WHAT THE TASK REQUIRES:
Your task is to output the listing exactly, leaving every image out.

EXCERPTED RECORDS:
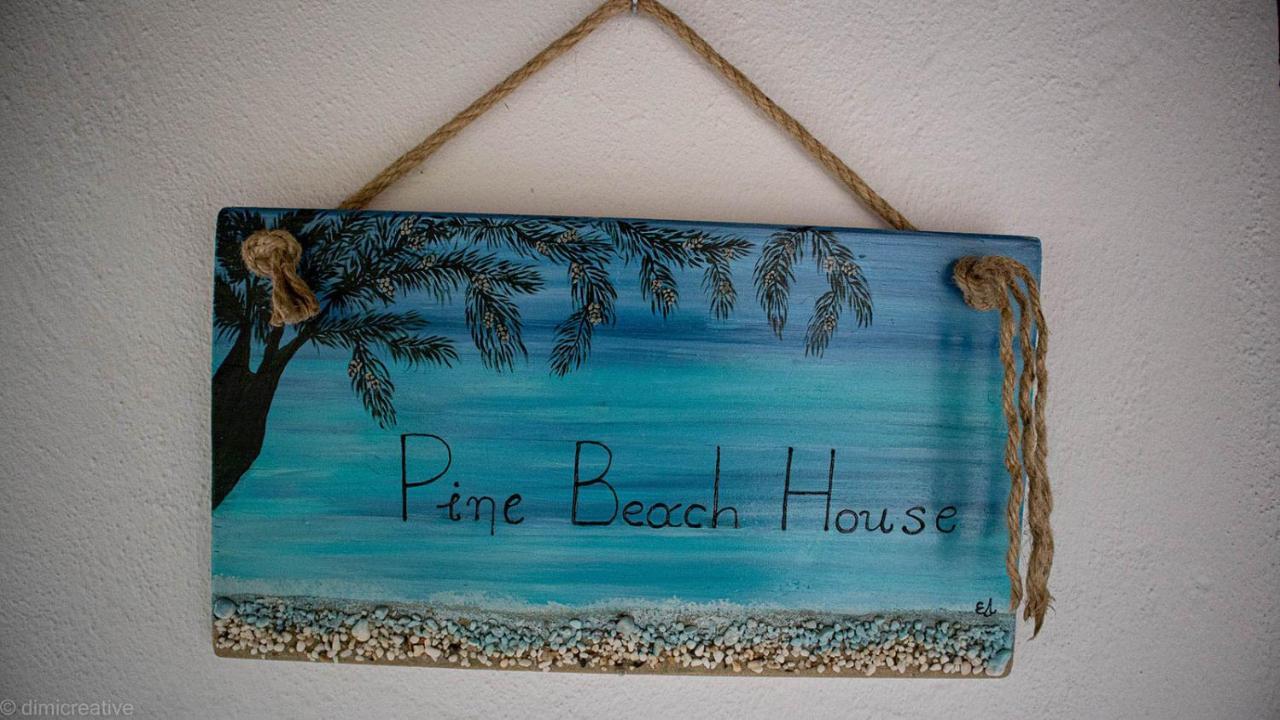 Pine Beach House Skála Kallirákhis エクステリア 写真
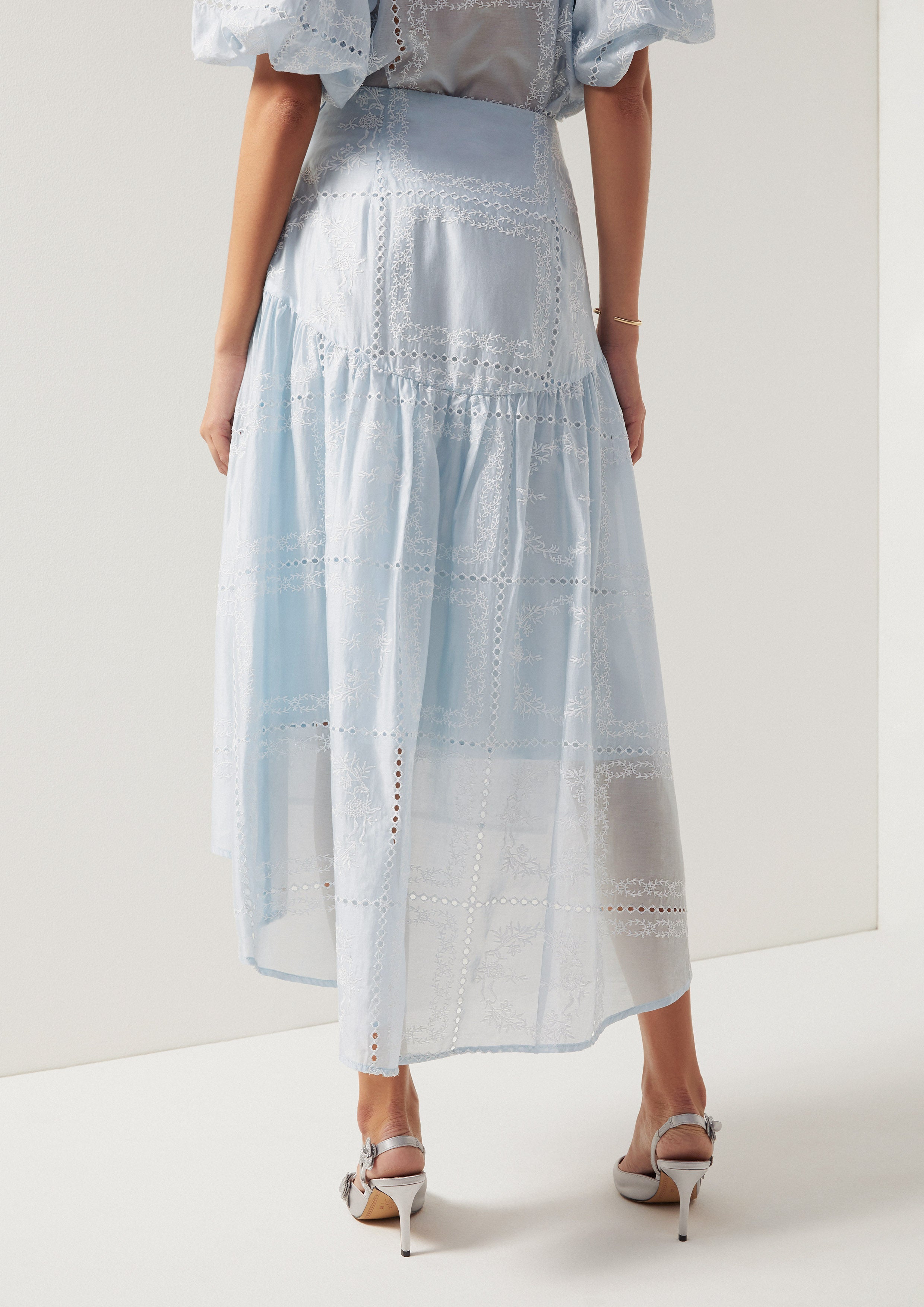 Arianna Embroidered Skirt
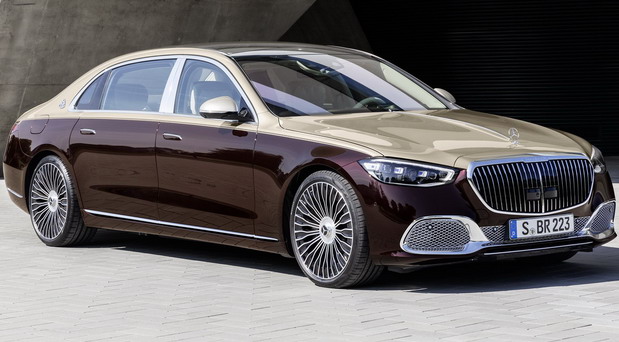 Mercedes-Maybach S-Class Mercedes-Maybach S-Class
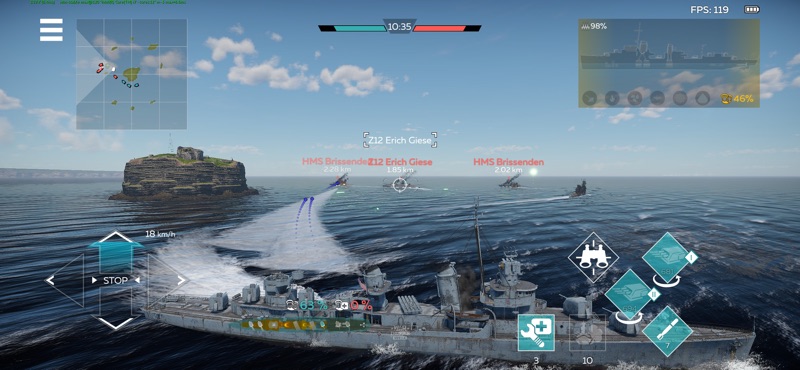 War Thunder Mobile screenshot 3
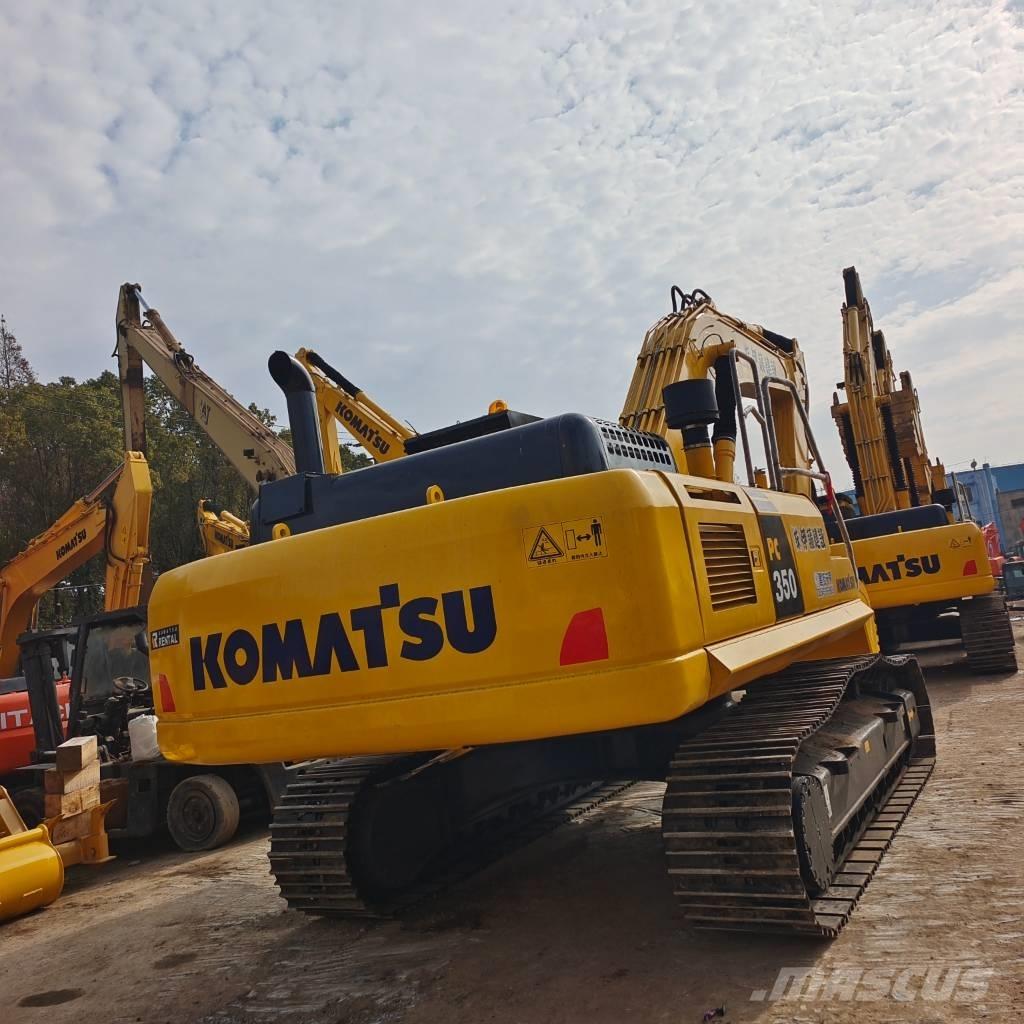 Komatsu PC 350-7 Vikšriniai ekskavatoriai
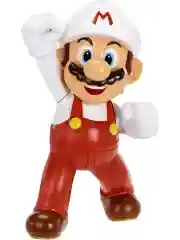 Мини-фигурка World of Nintendo Fire Mario 7см
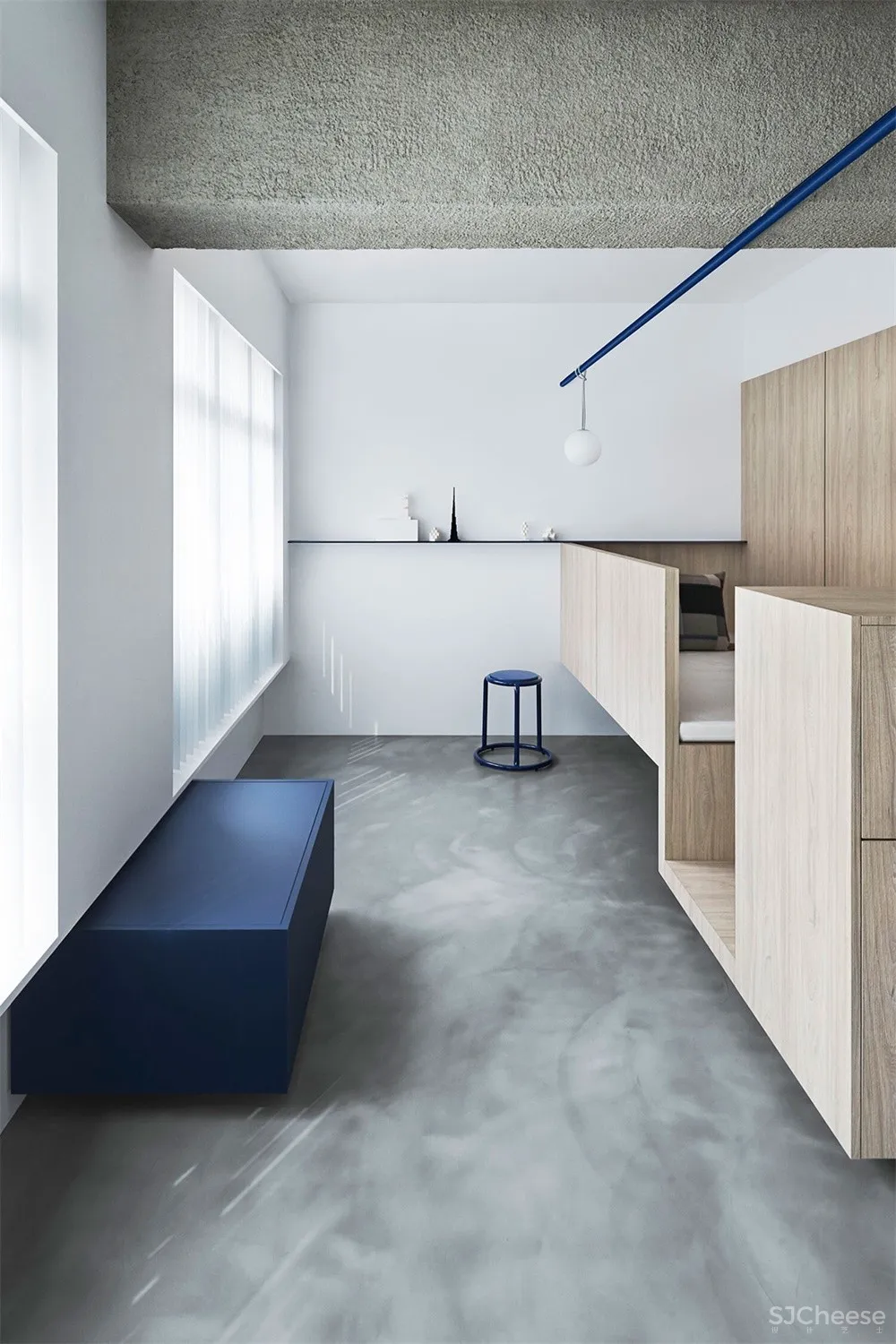 新加坡单身汉乌托邦公寓 SPACEDGE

ANSWER FOR THE TASK:
 Pine Beach House Skála Kallirákhis エクステリア 写真
 Arianna Embroidered Skirt
 Mercedes-Maybach S-Class Mercedes-Maybach S-Class
 War Thunder Mobile screenshot 3
 Komatsu PC 350-7 Vikšriniai ekskavatoriai
 Мини-фигурка World of Nintendo Fire Mario 7см
 新加坡单身汉乌托邦公寓 SPACEDGE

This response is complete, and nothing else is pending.